Chief justice launches fundraising campaign for dams
The Chief Justice of Pakistan, Saqib Nisar, is on an unlikely mission to build two multi-billion dollar dams to help alleviate the country’s water shortage.
On July 4 he ordered the government to immediately start the construction of the longplanned dams, and then donated Rs10mn ($8,200) from his own pocket to launch a public fundraising campaign.
According to the figures updated yesterday on the Supreme Court’s website, around Rs110mn have been raised so far.
One of the dams, called Diamer-Basha, is in its preliminary stage and is being built on the Indus river in northern Pakistan, some 300km west of K2 – the second highest mountain in the world.
The dam, if completed, is touted to become the highest roller-compacted concrete dam in the world.
The second one is Mohmand dam, set to be constructed on the Swat river, some 40km north of Peshawar.
The UN Development Programme says that Pakistan could run dry by 2025 unless action is taken.
Despite the pressing need for a solution, Nisar’s donation drive has come under criticism from experts and the public alike.
According to Khurram Hussain, a business editor at Pakistan’s Dawn newspaper, the estimated cost for the construction is Rs1.450tn (around $12bn).
Calling the fundraising drive “embarassing”, he wrote in his weekly opinion column: “If we assume that on average, the account sees an inflow of Rs20mn per day (which is highly optimistic), then it will take 72,500 days to reach the target, or 199 years”.
Following the chief justice’s lead, the Pakistan army said in a statement on Twitter that two days’ salary of military officers and one day’s salary of the soldiers would be donated to the fund.
Nisar has also asked the government to generate funds for the construction of future dams through water pricing.
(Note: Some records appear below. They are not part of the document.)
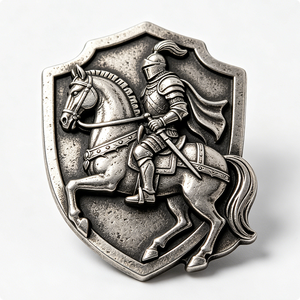 Boucle de ceinture en métal argenté, motif Chevalier à cheval, plaque ovale personnalisée avec logo gravé pour vêtements western - Product Image 1
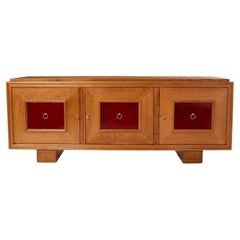 Vintage Jacques Adnet solid oak sideboard red lacquer 1940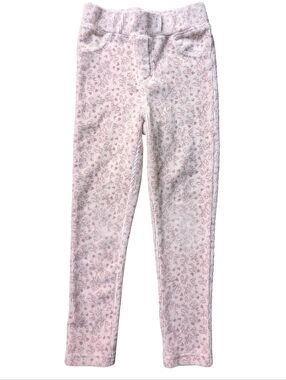 Girls' Pink Floral Ribbed Leggings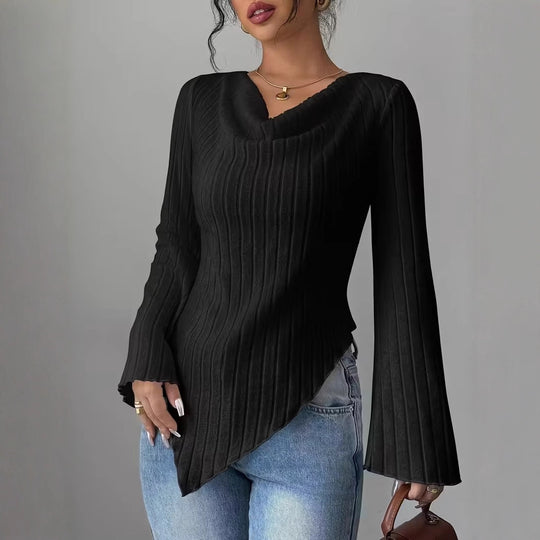 Damen Asymmetrischer Gerippter Feinstrickpullover mit V-Ausschnitt Shop Nory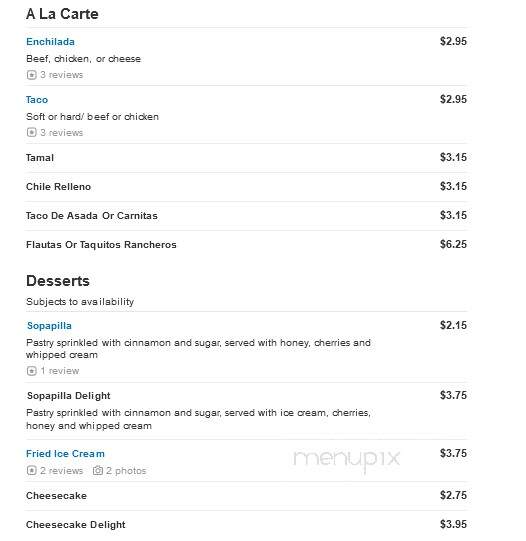 El Tapatio Mexican Restaurant - Grand Island, NE menu_pic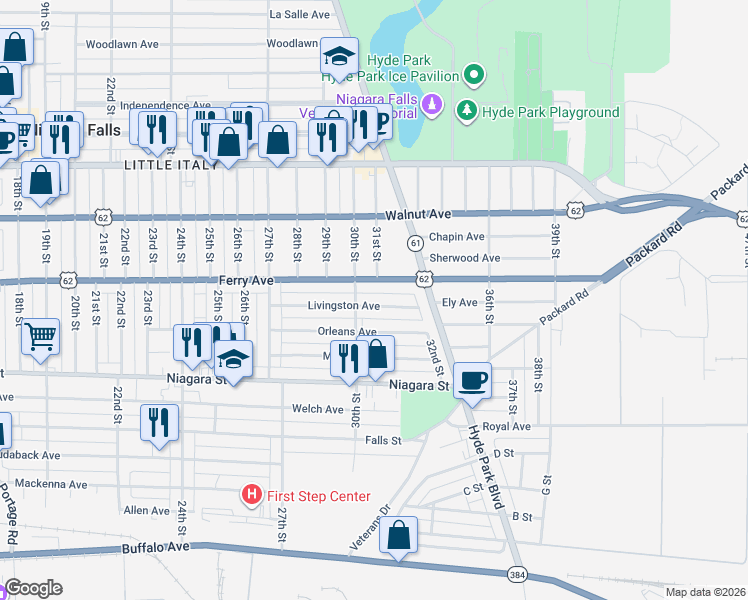 map of restaurants, bars, coffee shops, grocery stores, and more near 3031 Livingston Avenue in Niagara Falls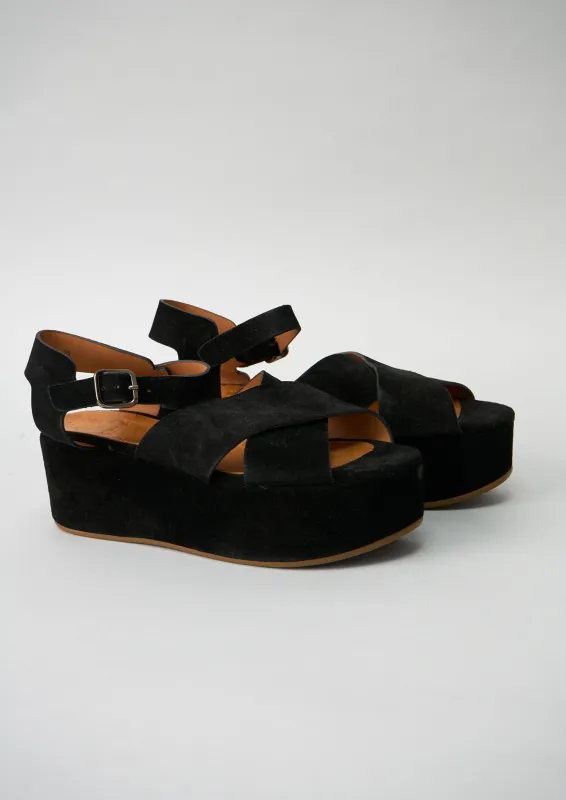 Reworn Chie Mihara Wedge Sandals Size 39 (293) | Black sold by TOAST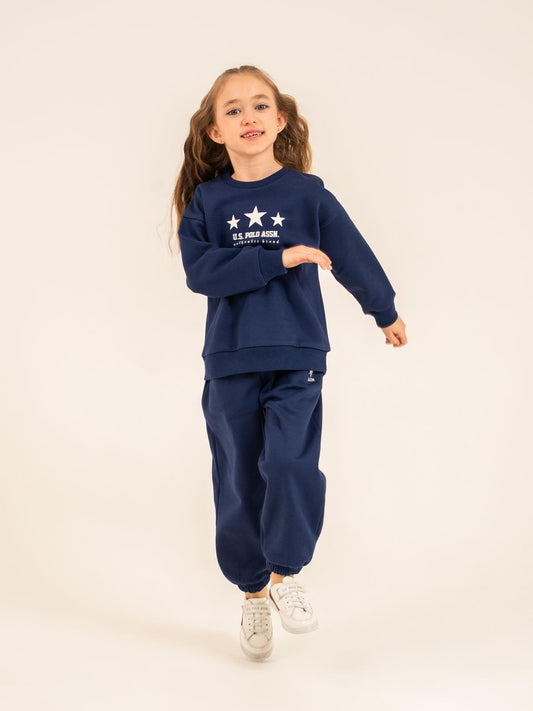 U.S. Polo Assn Kids Eşofman Takımı | 3 İp-3 İp Uzun Kol Bisiklet Yaka | Okul Kreş ve Günlük Kullanım - Lacivert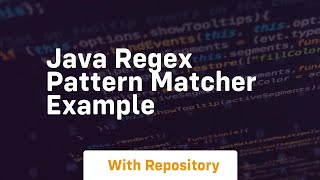 java regex pattern matcher example [upl. by Euqinom902]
“Water pricing mechanism should be improved to get revenue for construction of dams,” Nisar said, according to minutes of a recent meeting, to the ministries of planning, water resources, energy, law and justice, climate change and the cabinet division, besides professional and technical agencies and provincial governments.
Presiding over the meeting of the Law and Justice Commission of Pakistan (LJCP), attended by senior representatives of the ministries, Indus River System Authority, National Engineering Services Pakistan, Water and Power Development Authority (Wapda), Indus Water Commission, and private experts, the chief justice said that the issue of water scarcity had reached an alarming level.
Nisar said that the resolution of the water issue is “responsibility of the executives, and failure to discharge this responsibility has resulted in taking up of this issue by the superior judiciary as breach of fundamental right i.e. right to life”.
The Planning Commission told the meeting that the national water policy approved by the Pakistan Muslim League – Nawaz government had identified 30-40 areas for urgent works that would take four to five years to achieve.
Nisar asserted that the judiciary would find a solution to the water shortage in the country.
He said it is crucial because he had been told by experts during the course of hearing a related case that Pakistan could not survive in this situation of water scarcity and that all research reports showed that Pakistan could run out of water by 2024.